Avignon 2018 (7) Pinter, Kazantzakis – OFF

Trahisons

Sans doute la pièce la plus célèbre d’Harold Pinter. En tout cas la plus souvent représentée en Avignon. Et l’on ne se lasse pas de la revoir, tant elle met en évidence le génie quasi diabolique de Pinter lorsqu’il s’agit de bâtir une intrigue. Il faut ajouter, ce qui est tout aussi essentiel, que les comédiens s’y montrent en général inspirés. C’est incontestablement le cas dans la version mise en scène par Christophe Gand au théâtre Buffon. Les trois comédiens principaux qu’il serait dommage de ne pas citer – Gaëlle Billaut-Danno, François Feroleto et Yannick Laurent – sont parfaitement à l’aise dans des personnages complexes qui se trahissent à qui mieux mieux – comme le titre l’indique suffisamment – non sans garder toujours un flegme et une élégance très british.
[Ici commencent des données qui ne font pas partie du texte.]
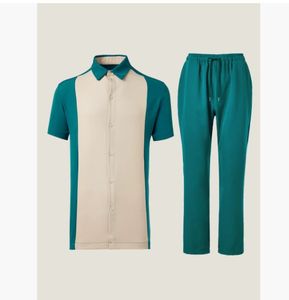 5 nuevos trajes étnicos populares <span class=keywords><strong>africanos</strong></span> para <span class=keywords><strong>hombres</strong></span> con camisa de manga corta bordada de alta calidad y pantalones largos conjunto de dos piezas - Product Image 2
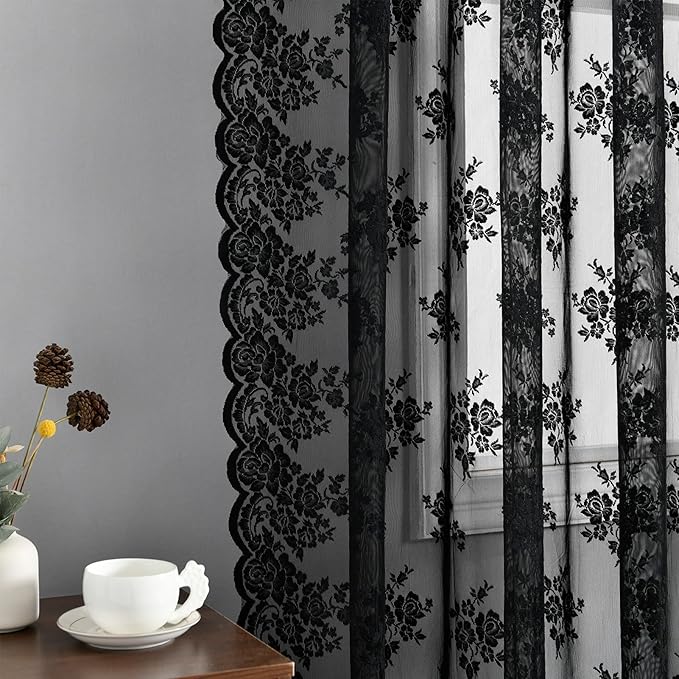 Kotile Black Lace Curtains 63 Inch Length 2 Panels, Country Rustic Floral Gothic Sheer Curtains for Halloween, Rod Pocket Vintage Privacy Sheer Lace Curtains, 42 x 63 Inch Each, 1 Pair, Black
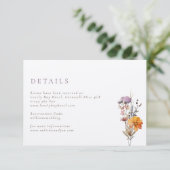 Kraft Herfst Sinaasappel & Paarse Wildflowers Wedd Informatiekaartje (Staand voorkant)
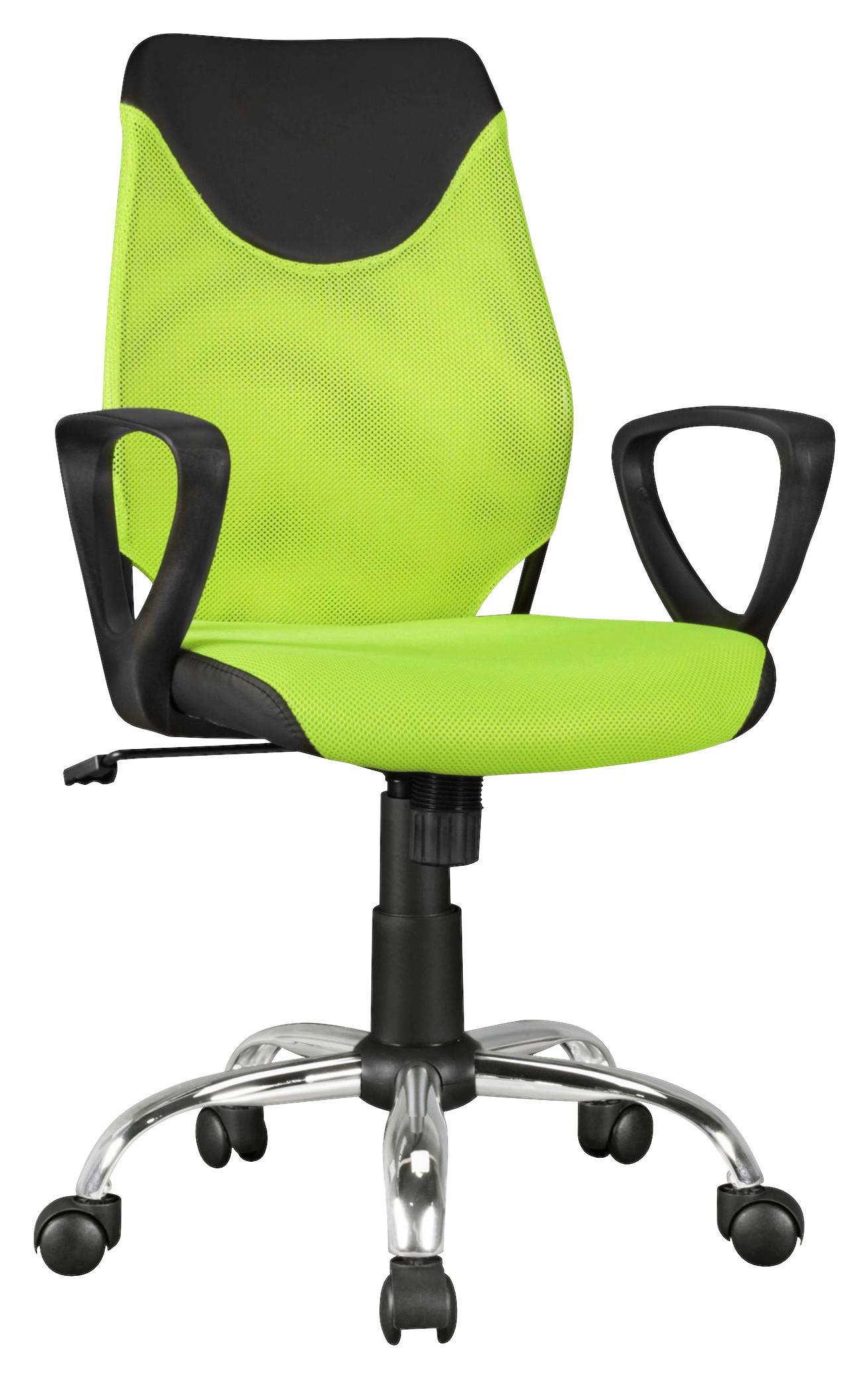 Jugenddrehstuhl Kika Mit Armstützen Limette Bis 60 Kg - Chromfarben/Limette, MODERN, Kunststoff/Metall (60/105/60cm) - MID.YOU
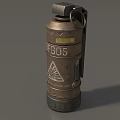 Military Weapon Grenade With Brown Body Yellow Caution Label And Metal Ring Handle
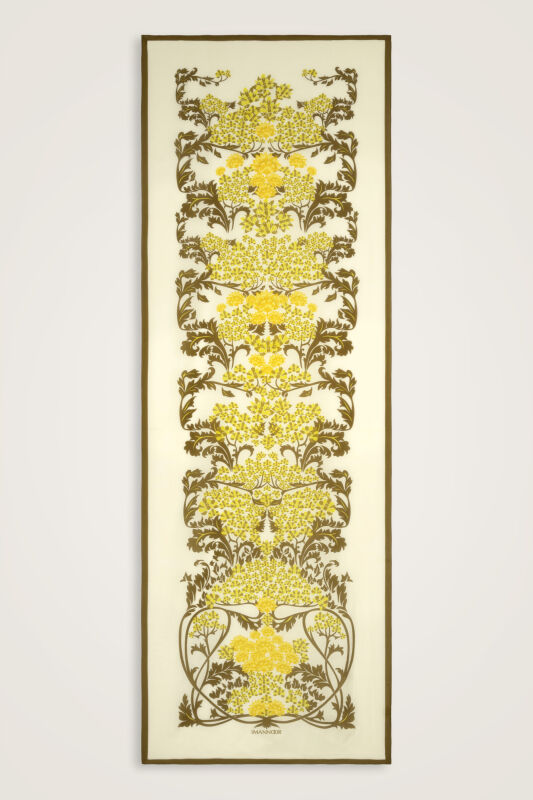 Oriental Flower Olive Green Floss Cotton Shawl - 1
Il ne faut surtout pas dévoiler les méandres de cette histoire tant le spectateur prend de plaisir à les découvrir. Disons simplement qu’il s’agit d’adultère entre gens de très bonne compagnie appartenant au milieu de l’édition. La scénographie utilise des meubles à transformation (le lit qui devient étagère, le bar cheminée) qui sont manipulés entre chaque scène par un Vincent Arfa virevoltant (il endosse également, à un moment, la livrée d’un garçon de restaurant italien).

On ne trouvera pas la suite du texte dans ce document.